The First Principle of Liberty: Natural Law (Part 3)

Today is our wrap-up day for the first Principle of Liberty. Read the previous two posts to familiarize yourself with the first precept W. Cleon Skousen covers in his book The 5000 Year Leap.

As we conclude, I am grateful our Founding Fathers agreed with the principles Cicero laid out. Skousen writes that the Founding Fathers “embraced the obvious necessity of building a highly moral and virtuous society. The Founders wanted to lift mankind from the common depravity and chicanery of past civilizations, and to lay the foundation for a new kind of civilization built on freedom for the individual and prosperity for the whole commonwealth. That is why they built their system on Natural Law.” Unfortunately we continue our daily slide away from that absolute standard.


Skousen ends this section with a list of examples of how the Founding Fathers use the principle of Natural Law in writing the Constitution (and in how they lived). He notes the following ideas are based on Natural Law: Unalienable Rights, Unalienable Duties, Habeas Corpus, Limited Government, Separation of Powers, Checks and Balances, Self-Preservation, the right to Contracts, protection of the Family and Marriage, Justice by Reparation, the Right to Bear Arms, and No Taxation Without Representation. He notes (and of course he’s right) that these are only a few examples. . . .

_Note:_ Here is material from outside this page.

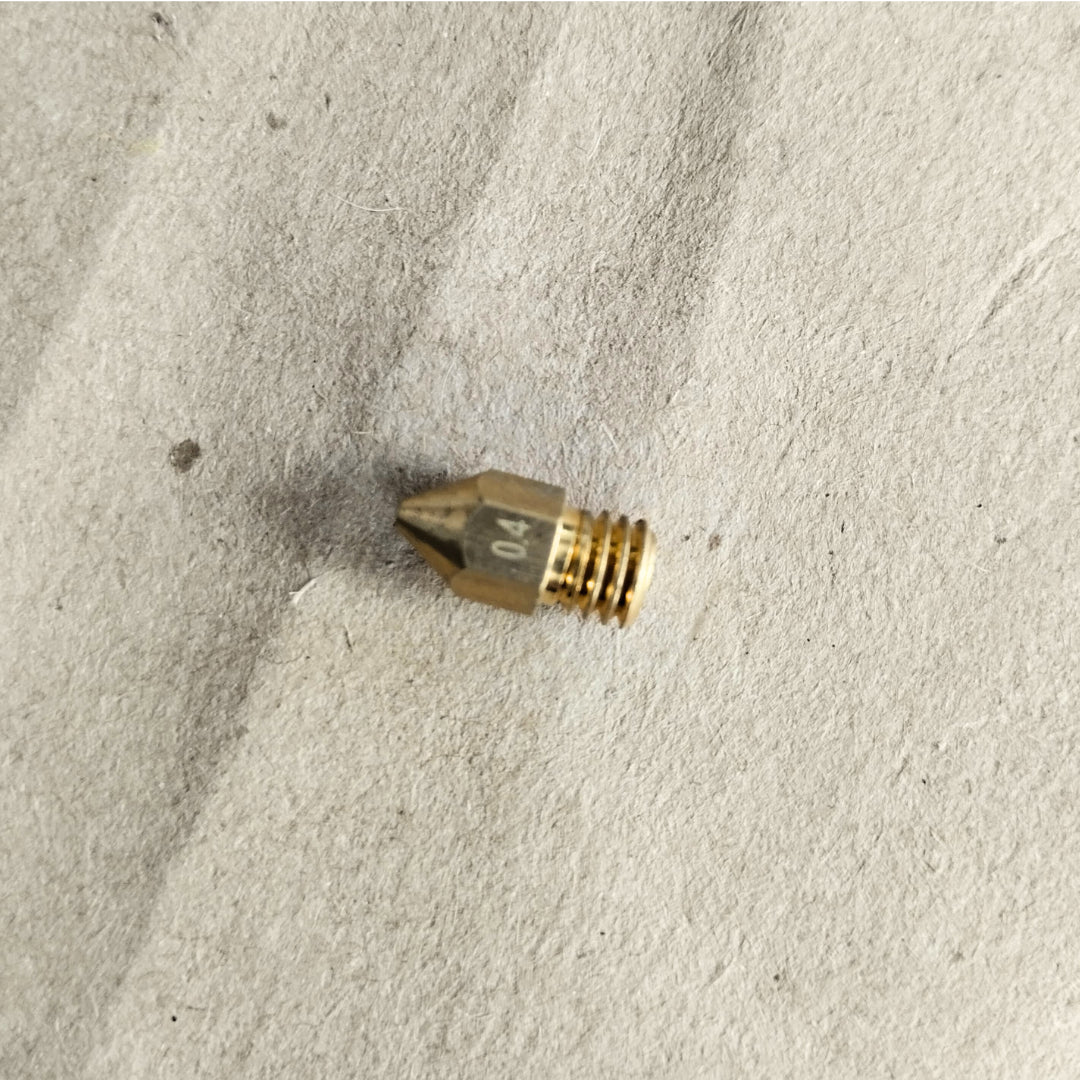 Boquilla de latón MK8 para impresora 3D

When we understand the baseline for what the Framers of the Constitution wrote (the “why”), we better understand what they wrote. Too few know the Constitution, and that’s something I hope to change along the way. . . .


For now, digest what Cicero and Skousen have written. It’s a lot, but it’s critical. THERE MUST BE A FOUNDATION, A SOLID ROCK—all other ground is sinking sand. Indeed: all other ground is sinking sand.